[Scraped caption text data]
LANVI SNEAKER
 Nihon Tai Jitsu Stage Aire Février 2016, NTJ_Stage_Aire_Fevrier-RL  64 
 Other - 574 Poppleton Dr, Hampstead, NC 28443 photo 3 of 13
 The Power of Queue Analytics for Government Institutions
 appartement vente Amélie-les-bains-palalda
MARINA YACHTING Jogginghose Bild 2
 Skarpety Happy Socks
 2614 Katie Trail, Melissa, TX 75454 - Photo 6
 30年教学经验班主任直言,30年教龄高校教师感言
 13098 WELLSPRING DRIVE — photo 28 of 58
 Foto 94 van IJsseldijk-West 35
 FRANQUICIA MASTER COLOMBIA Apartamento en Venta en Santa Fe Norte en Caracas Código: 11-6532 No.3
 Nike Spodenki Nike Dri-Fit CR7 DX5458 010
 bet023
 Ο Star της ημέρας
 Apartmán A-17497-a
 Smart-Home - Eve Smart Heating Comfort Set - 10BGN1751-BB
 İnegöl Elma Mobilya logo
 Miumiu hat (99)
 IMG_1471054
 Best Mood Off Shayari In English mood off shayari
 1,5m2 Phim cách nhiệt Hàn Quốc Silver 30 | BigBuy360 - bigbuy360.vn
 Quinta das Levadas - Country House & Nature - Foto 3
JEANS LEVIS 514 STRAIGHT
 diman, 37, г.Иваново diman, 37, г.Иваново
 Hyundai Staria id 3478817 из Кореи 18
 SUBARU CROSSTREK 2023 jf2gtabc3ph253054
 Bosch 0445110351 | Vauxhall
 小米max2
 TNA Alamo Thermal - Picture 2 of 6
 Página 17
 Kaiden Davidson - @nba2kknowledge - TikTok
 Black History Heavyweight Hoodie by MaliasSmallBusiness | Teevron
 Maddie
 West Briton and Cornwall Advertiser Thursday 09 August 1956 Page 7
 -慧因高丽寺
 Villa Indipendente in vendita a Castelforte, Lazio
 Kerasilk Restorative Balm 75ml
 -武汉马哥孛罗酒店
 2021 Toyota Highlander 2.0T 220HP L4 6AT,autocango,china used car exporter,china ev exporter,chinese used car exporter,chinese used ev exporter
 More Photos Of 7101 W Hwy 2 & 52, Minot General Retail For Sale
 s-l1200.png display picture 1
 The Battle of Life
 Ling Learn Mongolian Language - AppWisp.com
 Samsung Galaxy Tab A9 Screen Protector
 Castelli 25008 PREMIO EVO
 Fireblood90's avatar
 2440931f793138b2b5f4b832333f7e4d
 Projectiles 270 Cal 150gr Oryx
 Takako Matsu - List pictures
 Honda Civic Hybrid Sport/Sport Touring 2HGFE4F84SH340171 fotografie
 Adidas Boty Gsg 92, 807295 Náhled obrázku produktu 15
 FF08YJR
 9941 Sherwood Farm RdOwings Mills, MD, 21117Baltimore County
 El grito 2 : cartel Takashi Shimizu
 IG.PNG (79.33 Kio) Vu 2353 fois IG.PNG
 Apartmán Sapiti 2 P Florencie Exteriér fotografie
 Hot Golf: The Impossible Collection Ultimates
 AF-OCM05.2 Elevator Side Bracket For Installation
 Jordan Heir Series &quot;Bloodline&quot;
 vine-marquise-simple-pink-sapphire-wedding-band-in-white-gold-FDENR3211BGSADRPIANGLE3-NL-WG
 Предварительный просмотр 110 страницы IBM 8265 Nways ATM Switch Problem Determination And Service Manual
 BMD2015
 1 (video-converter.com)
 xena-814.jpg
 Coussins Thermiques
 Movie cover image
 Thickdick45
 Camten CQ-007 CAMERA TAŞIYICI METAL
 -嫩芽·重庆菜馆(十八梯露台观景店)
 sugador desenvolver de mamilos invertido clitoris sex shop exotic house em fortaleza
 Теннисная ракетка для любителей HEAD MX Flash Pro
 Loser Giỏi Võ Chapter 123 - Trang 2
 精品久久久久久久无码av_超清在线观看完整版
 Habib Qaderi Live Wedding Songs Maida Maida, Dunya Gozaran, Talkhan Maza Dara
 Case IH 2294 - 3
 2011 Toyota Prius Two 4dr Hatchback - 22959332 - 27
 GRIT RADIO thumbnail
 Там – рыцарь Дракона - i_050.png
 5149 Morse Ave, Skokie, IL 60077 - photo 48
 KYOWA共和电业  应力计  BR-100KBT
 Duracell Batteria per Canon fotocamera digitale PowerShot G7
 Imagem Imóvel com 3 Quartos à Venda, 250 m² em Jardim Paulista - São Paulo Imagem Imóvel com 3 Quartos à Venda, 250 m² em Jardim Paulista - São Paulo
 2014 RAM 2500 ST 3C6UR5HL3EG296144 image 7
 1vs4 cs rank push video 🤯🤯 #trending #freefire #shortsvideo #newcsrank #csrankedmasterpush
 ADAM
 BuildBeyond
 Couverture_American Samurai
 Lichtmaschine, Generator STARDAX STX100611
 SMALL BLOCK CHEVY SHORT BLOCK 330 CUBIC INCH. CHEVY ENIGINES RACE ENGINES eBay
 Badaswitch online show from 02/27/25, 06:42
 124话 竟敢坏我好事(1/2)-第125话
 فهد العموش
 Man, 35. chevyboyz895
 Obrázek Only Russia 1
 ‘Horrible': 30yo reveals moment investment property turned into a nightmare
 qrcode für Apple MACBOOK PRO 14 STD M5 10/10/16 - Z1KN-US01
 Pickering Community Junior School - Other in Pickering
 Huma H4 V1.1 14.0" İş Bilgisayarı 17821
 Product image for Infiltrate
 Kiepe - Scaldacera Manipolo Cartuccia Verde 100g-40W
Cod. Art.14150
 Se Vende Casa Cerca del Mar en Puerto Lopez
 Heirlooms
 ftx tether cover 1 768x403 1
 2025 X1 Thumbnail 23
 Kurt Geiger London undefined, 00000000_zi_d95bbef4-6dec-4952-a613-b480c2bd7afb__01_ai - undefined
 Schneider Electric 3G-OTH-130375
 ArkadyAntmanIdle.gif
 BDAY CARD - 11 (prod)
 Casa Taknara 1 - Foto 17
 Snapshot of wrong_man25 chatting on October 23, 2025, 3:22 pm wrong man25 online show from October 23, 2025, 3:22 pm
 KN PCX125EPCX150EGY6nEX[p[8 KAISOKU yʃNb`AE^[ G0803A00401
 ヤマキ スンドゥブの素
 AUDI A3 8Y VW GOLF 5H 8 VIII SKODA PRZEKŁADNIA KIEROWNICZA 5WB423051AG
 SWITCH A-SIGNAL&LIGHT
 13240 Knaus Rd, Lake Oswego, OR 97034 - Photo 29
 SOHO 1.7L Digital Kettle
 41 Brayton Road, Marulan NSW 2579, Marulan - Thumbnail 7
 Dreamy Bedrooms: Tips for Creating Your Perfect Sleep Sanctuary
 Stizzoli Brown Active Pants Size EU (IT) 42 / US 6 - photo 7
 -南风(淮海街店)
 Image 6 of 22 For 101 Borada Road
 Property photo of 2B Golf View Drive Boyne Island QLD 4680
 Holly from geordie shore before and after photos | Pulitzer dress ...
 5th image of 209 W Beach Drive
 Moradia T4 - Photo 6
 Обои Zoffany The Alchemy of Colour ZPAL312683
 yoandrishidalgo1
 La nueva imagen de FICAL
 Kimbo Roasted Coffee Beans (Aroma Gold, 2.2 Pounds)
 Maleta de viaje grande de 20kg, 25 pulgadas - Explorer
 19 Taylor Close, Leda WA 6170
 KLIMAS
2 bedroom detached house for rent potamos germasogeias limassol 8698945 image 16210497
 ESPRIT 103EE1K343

## Work to be completed:
Output the records in full. Match them exactly.

## Output for this exercise:
LANVI SNEAKER
 Nihon Tai Jitsu Stage Aire Février 2016, NTJ_Stage_Aire_Fevrier-RL  64 
 Other - 574 Poppleton Dr, Hampstead, NC 28443 photo 3 of 13
 The Power of Queue Analytics for Government Institutions
 appartement vente Amélie-les-bains-palalda
MARINA YACHTING Jogginghose Bild 2
 Skarpety Happy Socks
 2614 Katie Trail, Melissa, TX 75454 - Photo 6
 30年教学经验班主任直言,30年教龄高校教师感言
 13098 WELLSPRING DRIVE — photo 28 of 58
 Foto 94 van IJsseldijk-West 35
 FRANQUICIA MASTER COLOMBIA Apartamento en Venta en Santa Fe Norte en Caracas Código: 11-6532 No.3
 Nike Spodenki Nike Dri-Fit CR7 DX5458 010
 bet023
 Ο Star της ημέρας
 Apartmán A-17497-a
 Smart-Home - Eve Smart Heating Comfort Set - 10BGN1751-BB
 İnegöl Elma Mobilya logo
 Miumiu hat (99)
 IMG_1471054
 Best Mood Off Shayari In English mood off shayari
 1,5m2 Phim cách nhiệt Hàn Quốc Silver 30 | BigBuy360 - bigbuy360.vn
 Quinta das Levadas - Country House & Nature - Foto 3
JEANS LEVIS 514 STRAIGHT
 diman, 37, г.Иваново diman, 37, г.Иваново
 Hyundai Staria id 3478817 из Кореи 18
 SUBARU CROSSTREK 2023 jf2gtabc3ph253054
 Bosch 0445110351 | Vauxhall
 小米max2
 TNA Alamo Thermal - Picture 2 of 6
 Página 17
 Kaiden Davidson - @nba2kknowledge - TikTok
 Black History Heavyweight Hoodie by MaliasSmallBusiness | Teevron
 Maddie
 West Briton and Cornwall Advertiser Thursday 09 August 1956 Page 7
 -慧因高丽寺
 Villa Indipendente in vendita a Castelforte, Lazio
 Kerasilk Restorative Balm 75ml
 -武汉马哥孛罗酒店
 2021 Toyota Highlander 2.0T 220HP L4 6AT,autocango,china used car exporter,china ev exporter,chinese used car exporter,chinese used ev exporter
 More Photos Of 7101 W Hwy 2 & 52, Minot General Retail For Sale
 s-l1200.png display picture 1
 The Battle of Life
 Ling Learn Mongolian Language - AppWisp.com
 Samsung Galaxy Tab A9 Screen Protector
 Castelli 25008 PREMIO EVO
 Fireblood90's avatar
 2440931f793138b2b5f4b832333f7e4d
 Projectiles 270 Cal 150gr Oryx
 Takako Matsu - List pictures
 Honda Civic Hybrid Sport/Sport Touring 2HGFE4F84SH340171 fotografie
 Adidas Boty Gsg 92, 807295 Náhled obrázku produktu 15
 FF08YJR
 9941 Sherwood Farm RdOwings Mills, MD, 21117Baltimore County
 El grito 2 : cartel Takashi Shimizu
 IG.PNG (79.33 Kio) Vu 2353 fois IG.PNG
 Apartmán Sapiti 2 P Florencie Exteriér fotografie
 Hot Golf: The Impossible Collection Ultimates
 AF-OCM05.2 Elevator Side Bracket For Installation
 Jordan Heir Series &quot;Bloodline&quot;
 vine-marquise-simple-pink-sapphire-wedding-band-in-white-gold-FDENR3211BGSADRPIANGLE3-NL-WG
 Предварительный просмотр 110 страницы IBM 8265 Nways ATM Switch Problem Determination And Service Manual
 BMD2015
 1 (video-converter.com)
 xena-814.jpg
 Coussins Thermiques
 Movie cover image
 Thickdick45
 Camten CQ-007 CAMERA TAŞIYICI METAL
 -嫩芽·重庆菜馆(十八梯露台观景店)
 sugador desenvolver de mamilos invertido clitoris sex shop exotic house em fortaleza
 Теннисная ракетка для любителей HEAD MX Flash Pro
 Loser Giỏi Võ Chapter 123 - Trang 2
 精品久久久久久久无码av_超清在线观看完整版
 Habib Qaderi Live Wedding Songs Maida Maida, Dunya Gozaran, Talkhan Maza Dara
 Case IH 2294 - 3
 2011 Toyota Prius Two 4dr Hatchback - 22959332 - 27
 GRIT RADIO thumbnail
 Там – рыцарь Дракона - i_050.png
 5149 Morse Ave, Skokie, IL 60077 - photo 48
 KYOWA共和电业  应力计  BR-100KBT
 Duracell Batteria per Canon fotocamera digitale PowerShot G7
 Imagem Imóvel com 3 Quartos à Venda, 250 m² em Jardim Paulista - São Paulo Imagem Imóvel com 3 Quartos à Venda, 250 m² em Jardim Paulista - São Paulo
 2014 RAM 2500 ST 3C6UR5HL3EG296144 image 7
 1vs4 cs rank push video 🤯🤯 #trending #freefire #shortsvideo #newcsrank #csrankedmasterpush
 ADAM
 BuildBeyond
 Couverture_American Samurai
 Lichtmaschine, Generator STARDAX STX100611
 SMALL BLOCK CHEVY SHORT BLOCK 330 CUBIC INCH. CHEVY ENIGINES RACE ENGINES eBay
 Badaswitch online show from 02/27/25, 06:42
 124话 竟敢坏我好事(1/2)-第125话
 فهد العموش
 Man, 35. chevyboyz895
 Obrázek Only Russia 1
 ‘Horrible': 30yo reveals moment investment property turned into a nightmare
 qrcode für Apple MACBOOK PRO 14 STD M5 10/10/16 - Z1KN-US01
 Pickering Community Junior School - Other in Pickering
 Huma H4 V1.1 14.0" İş Bilgisayarı 17821
 Product image for Infiltrate
 Kiepe - Scaldacera Manipolo Cartuccia Verde 100g-40W
Cod. Art.14150
 Se Vende Casa Cerca del Mar en Puerto Lopez
 Heirlooms
 ftx tether cover 1 768x403 1
 2025 X1 Thumbnail 23
 Kurt Geiger London undefined, 00000000_zi_d95bbef4-6dec-4952-a613-b480c2bd7afb__01_ai - undefined
 Schneider Electric 3G-OTH-130375
 ArkadyAntmanIdle.gif
 BDAY CARD - 11 (prod)
 Casa Taknara 1 - Foto 17
 Snapshot of wrong_man25 chatting on October 23, 2025, 3:22 pm wrong man25 online show from October 23, 2025, 3:22 pm
 KN PCX125EPCX150EGY6nEX[p[8 KAISOKU yʃNb`AE^[ G0803A00401
 ヤマキ スンドゥブの素
 AUDI A3 8Y VW GOLF 5H 8 VIII SKODA PRZEKŁADNIA KIEROWNICZA 5WB423051AG
 SWITCH A-SIGNAL&LIGHT
 13240 Knaus Rd, Lake Oswego, OR 97034 - Photo 29
 SOHO 1.7L Digital Kettle
 41 Brayton Road, Marulan NSW 2579, Marulan - Thumbnail 7
 Dreamy Bedrooms: Tips for Creating Your Perfect Sleep Sanctuary
 Stizzoli Brown Active Pants Size EU (IT) 42 / US 6 - photo 7
 -南风(淮海街店)
 Image 6 of 22 For 101 Borada Road
 Property photo of 2B Golf View Drive Boyne Island QLD 4680
 Holly from geordie shore before and after photos | Pulitzer dress ...
 5th image of 209 W Beach Drive
 Moradia T4 - Photo 6
 Обои Zoffany The Alchemy of Colour ZPAL312683
 yoandrishidalgo1
 La nueva imagen de FICAL
 Kimbo Roasted Coffee Beans (Aroma Gold, 2.2 Pounds)
 Maleta de viaje grande de 20kg, 25 pulgadas - Explorer
 19 Taylor Close, Leda WA 6170
 KLIMAS
2 bedroom detached house for rent potamos germasogeias limassol 8698945 image 16210497
 ESPRIT 103EE1K343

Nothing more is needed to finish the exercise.